*** Given data Section Begins ***

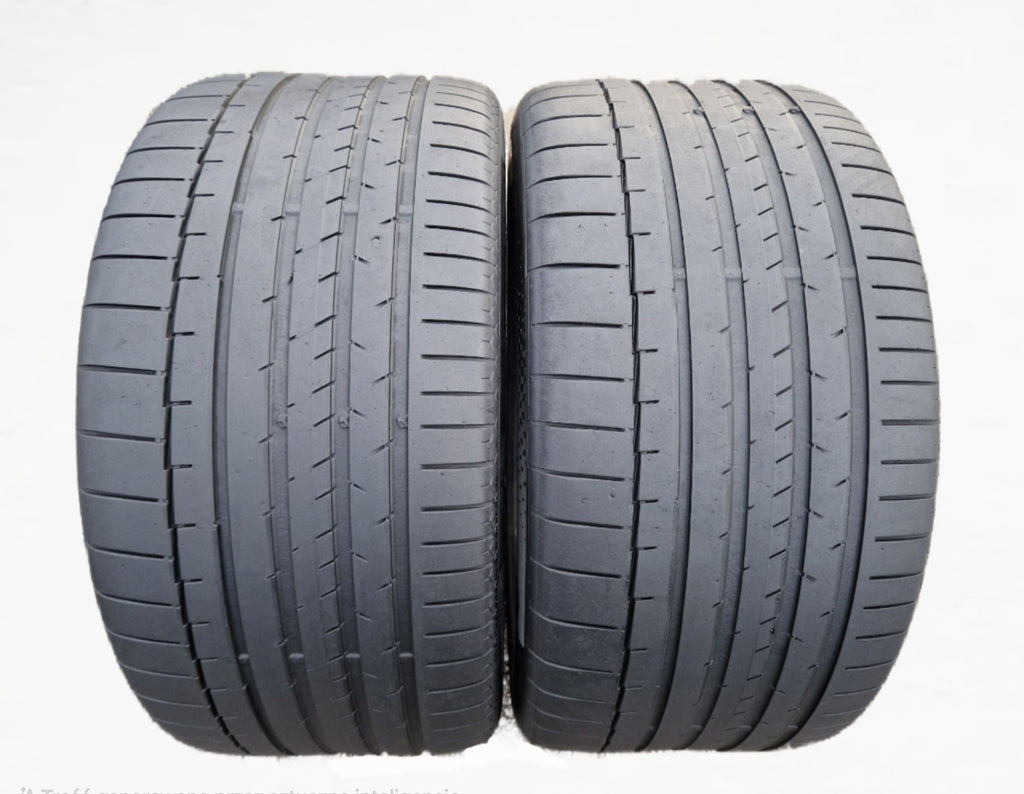 Opony letnie Continental Sport Contact 6 315/40r21 (105Y) XL /MO1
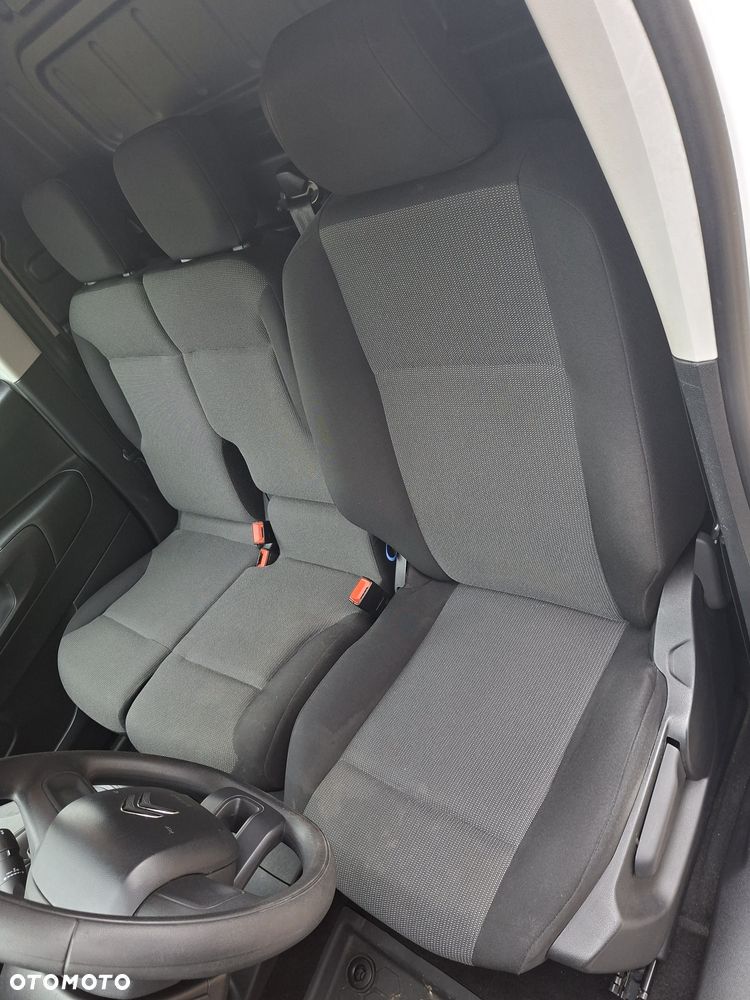 Citroën Berlingo - 8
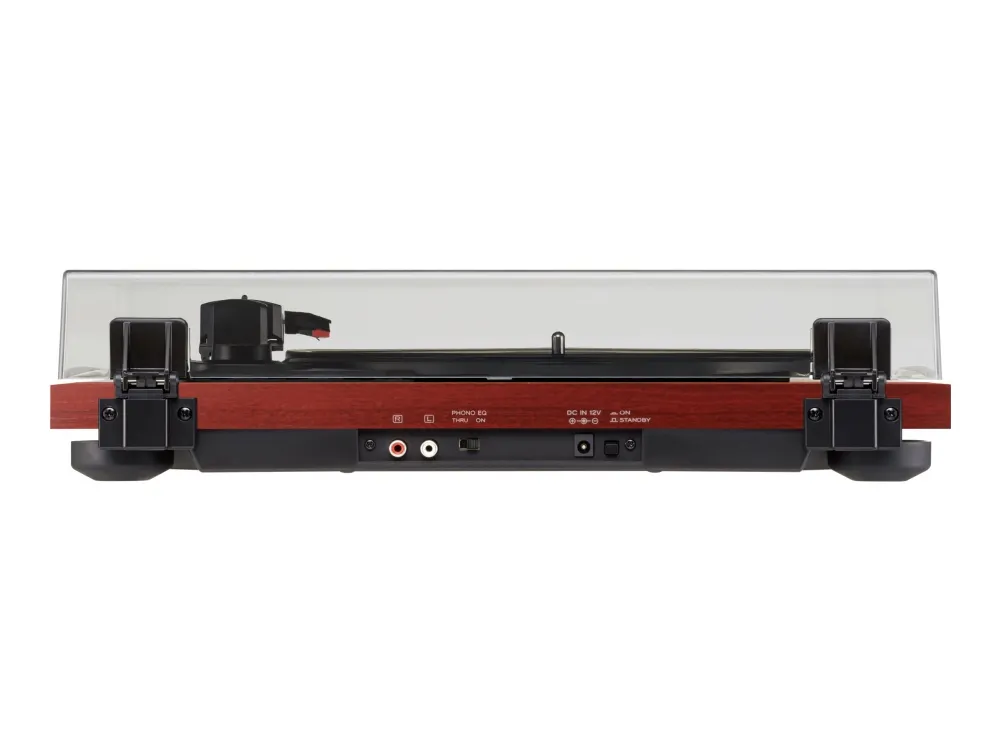 Teac TN-180BT - Pladespiller - kirsebærrød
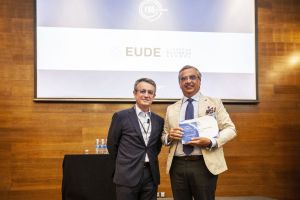 EUDE premiado por el Ranking FSO con el mejor MBA en Línea 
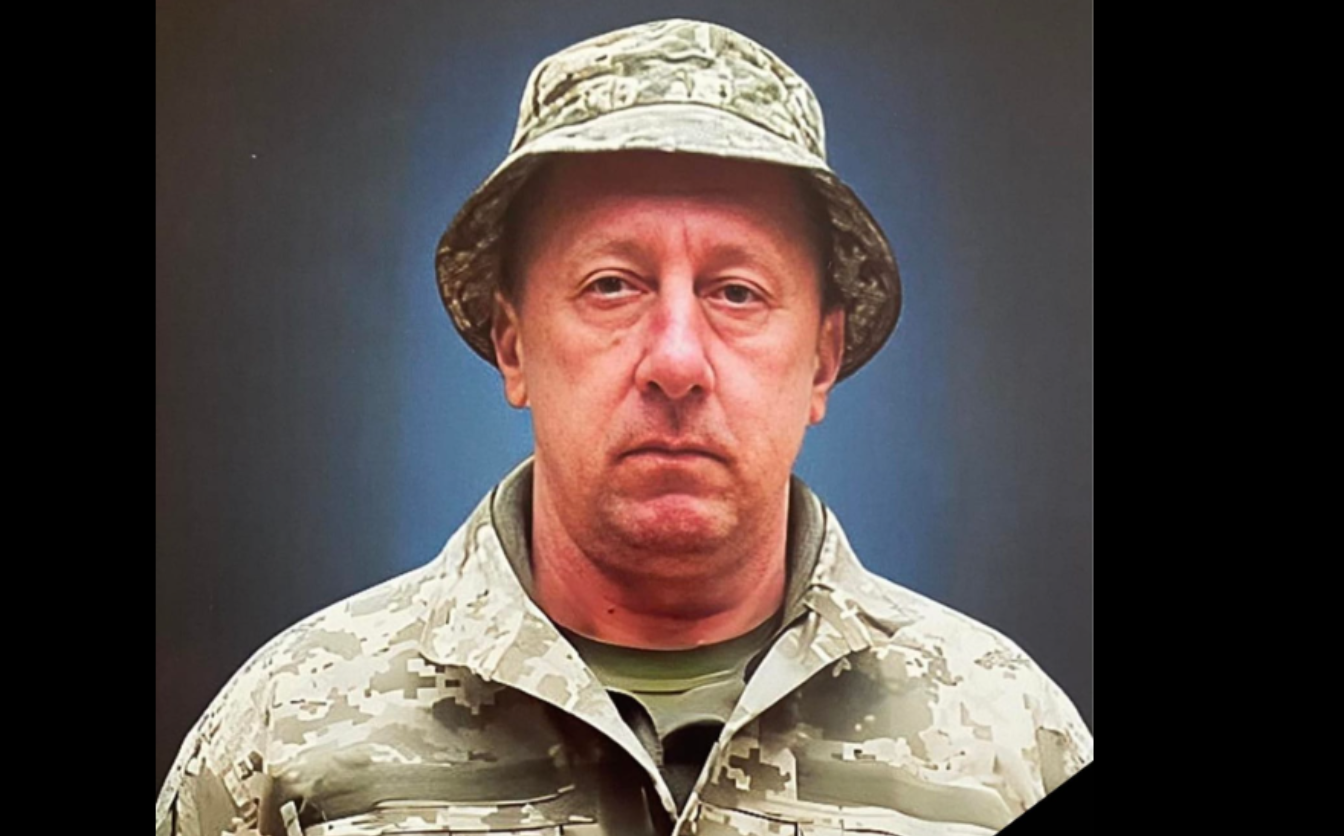 На війні загинув Герой з Канівщини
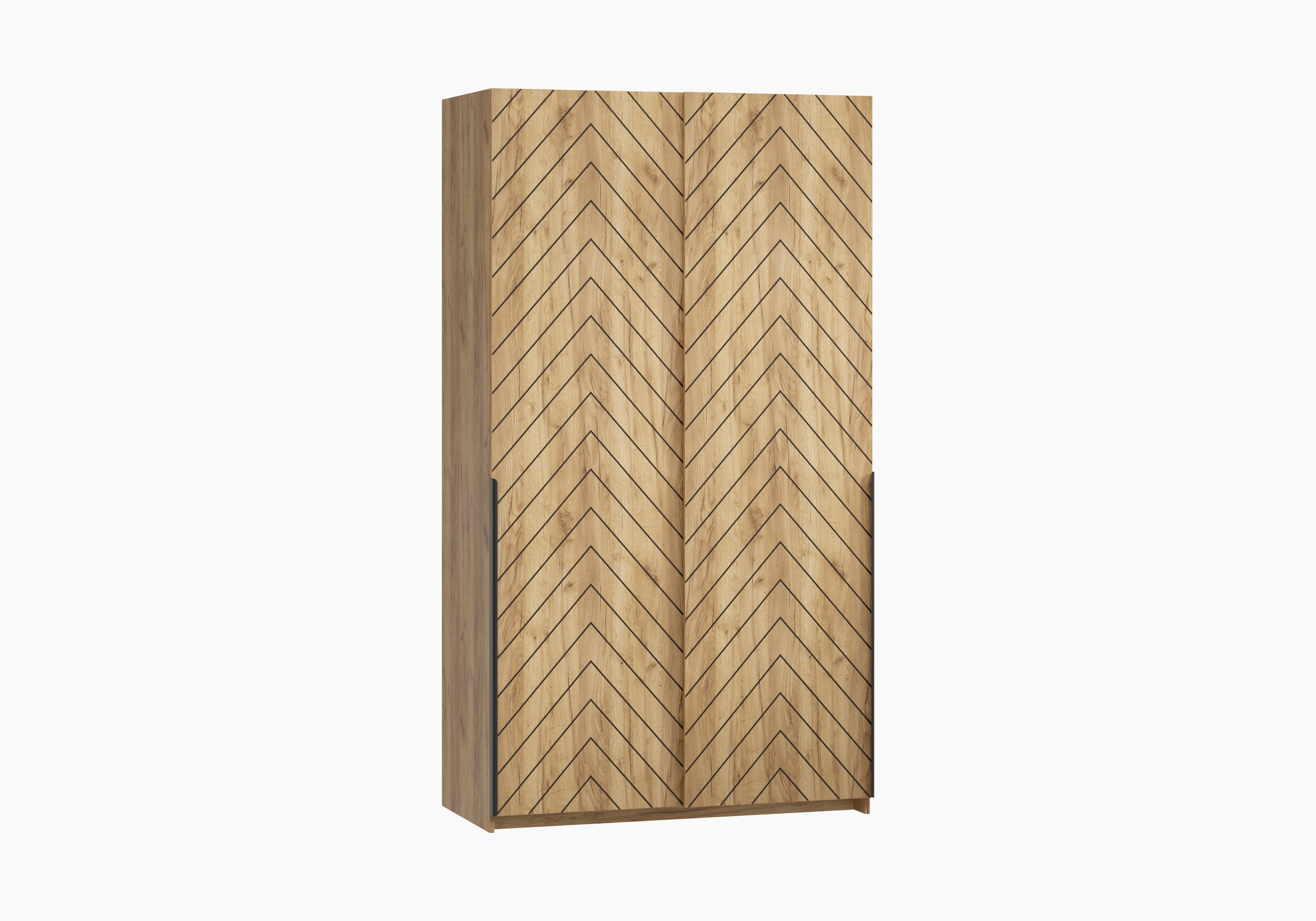 Шкаф-купе Салленс-2-1 Декор 1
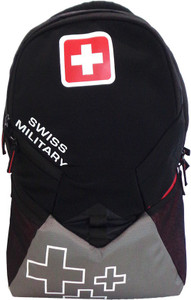 Swiss Military Polyester 21 L Backpack
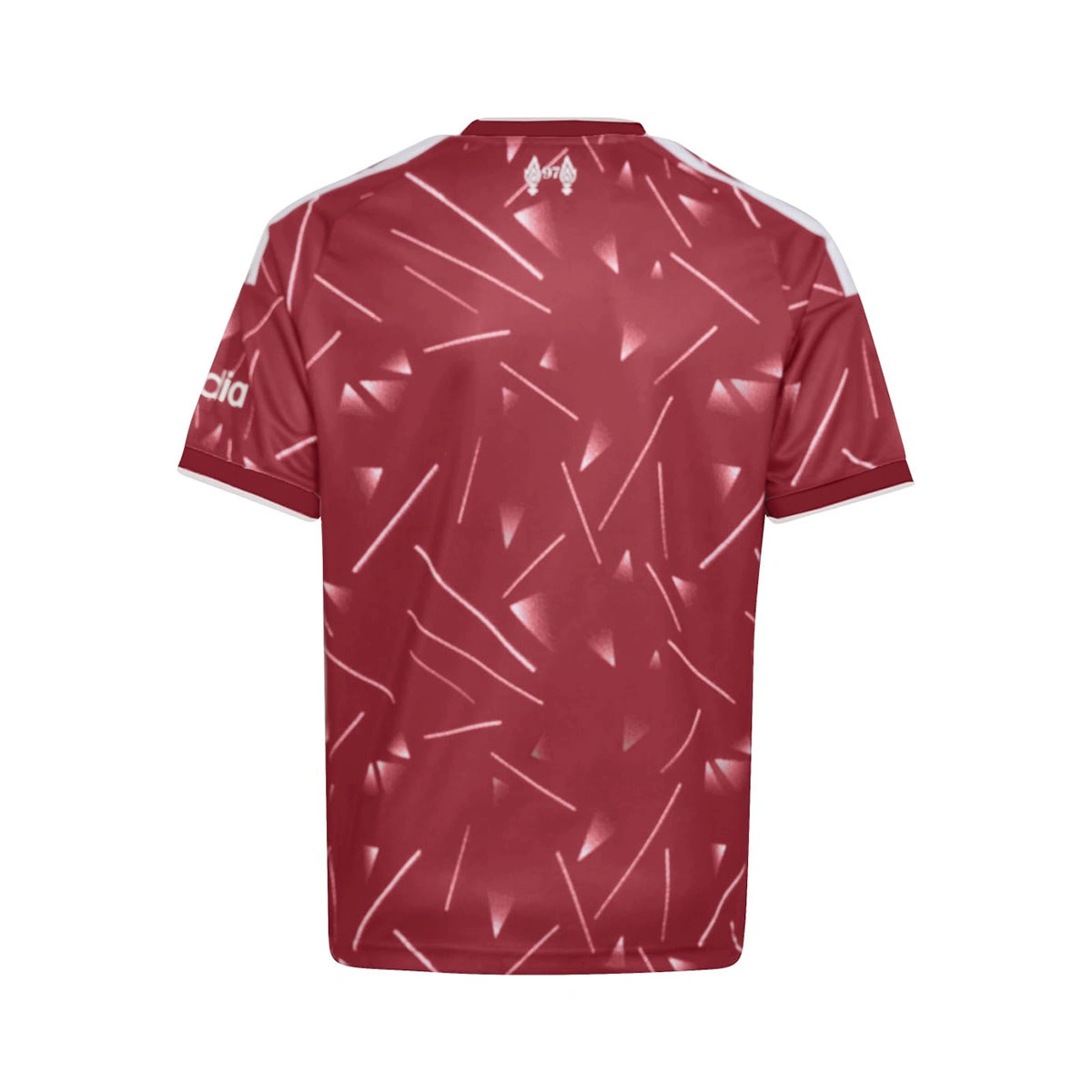 Camisola adidas Liverpool FC Primeiro equipamento 2026-2027 Criança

*** Given data Section Ends ***

Work task >> Locate the line containing "На війні загинув Герой з Канівщини" in the material above, then repeat it and every later line exactly, with no pictures.

Written answer >>
 На війні загинув Герой з Канівщини
 Шкаф-купе Салленс-2-1 Декор 1
 Swiss Military Polyester 21 L Backpack
 Camisola adidas Liverpool FC Primeiro equipamento 2026-2027 Criança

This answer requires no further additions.